Ideal Weight Gain During Pregnancy

The fear of gaining too much weight plays on the minds of most pregnant women. Pregnancy, however, is not a period during which women should diet. All pregnant women should gain weight. We’re here to inform you about how much weight you should gain, and how to do so in a healthy manner.

Steady weight gain during pregnancy ensures that your baby grows well and prepares your body for breastfeeding. Women commonly believe that they should eat for two. This is a widespread myth and is not recommended! You need to increase your intake by around 100-300 calories per day than you normally consume. This is equal to around one cup of rice, or a chicken sandwich. Not much is it?

The amount of weight that you should ideally gain during pregnancy depends on your weight pre-pregnancy. If you are overweight pre-pregnancy (BMI > 25) then you are expected to gain less weight than you would if you were underweight pre-pregnancy (for more details on BMI refer to the article entitled Diabetes 1010 under ‘His & Her Health’). In general, it is recommended that you gain 2-3kg in your first trimester, and 0.5kg every week thereafter. In order to be more specific, identify the BMI category under which you fall, and accordingly find out how much weight you should gain:

Category BMI Recommended weight gain (kg) – Single pregnancy Recommended weight gain (kg) – Twin pregnancy
Underweight <18.5 13-18
Normal 18.5-24.9 11-16 17-25
Overweight 25-29.9 7-11 14-23
Obese >30 5-9 11-19

So, where does all this weight go? During pregnancy, your body undergoes many physiological changes that contribute to this weight gain.
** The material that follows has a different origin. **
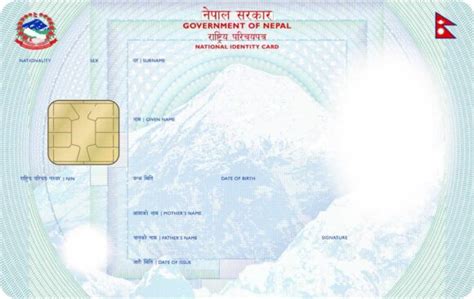 Understanding Rastriya Parichaya Patra: Nepal’s National Identity Card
Your blood volume increases by around 50%, and your tissues increase in size, displayed mainly by the increase in breast size. Below are more details on where those extra kilos go:

Fat stores 2.7-3.6kg
Increase in body fluids 1.4-1.8kg
Increase in blood volume 1.4-1.8kg
Breast growth 1 kg
Uterus 1kg
Amniotic fluid 1kg
Placenta 700g
Your baby 3-3.5kg
Total 12.2-14.4kg

Source: Mayo Clinic

So, if you gain the recommended amount of weight, you’ll lose around 75% of it on the day of your delivery!
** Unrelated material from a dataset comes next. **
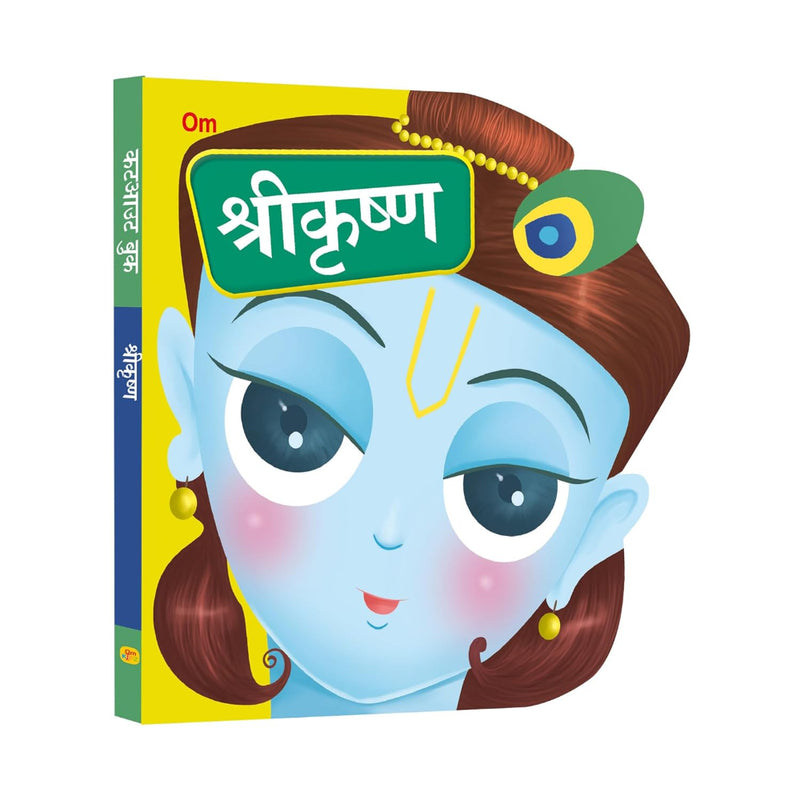 Cut - Out Board Books (Hindi)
Not only is it important for you to gain weight, but also equally important for those kilos to come from nutritious foods that are healthy for both you and your little one. Below are some tips that will help guide you:

  1. Go for whole grains. Examples of these are whole grain cereals, whole grain bread, brown pasta, and oats. Whole grains are rich in fiber that not only keep you feeling full, but also alleviate pregnancy-related constipation and help control blood sugar by slowing down sugar absorption.
  2. Choose lean proteins. Proteins are found in lean meat, chicken and fish, but are also found in legumes, nuts and seeds. Lean proteins will provide you with the nutrients that you require (such as iron) without taking in unnecessary fat.
  3. Enjoy fruits and vegetables. Try to include vegetables in your main meals, and enjoy some fruit skewers as snacks. These are loaded with antioxidants and fiber, both of which will benefit you and your developing baby.
  4. Resort to low-fat dairy. Most dairy products contain a significant amount of saturated fat. For this reason, turn to low fat alternatives. Blend yourself a low-fat banana smoothie, or add some low fat cheese to your sandwich. Dairy products provide you with the calcium that your baby needs for teeth, bone and nerve development.
  5. Choose healthy fats. These are found in olive oil, walnuts, sunflower seeds, and olives. They help in the development of the brain and vision of your child.

Try your best to fight the sugar cravings you might encounter and take in the extra calories that you require from healthy food choices. Turning to soft drinks, cakes, pies and fat-rich foods will do nothing but cause excess weight gain. This will mean spending more hours at the gym once you’ve delivered!

Disclaimer:

This article offers general advice and may not be applicable to you. Before making any changes to your diet, be sure to consult a qualified healthcare professional.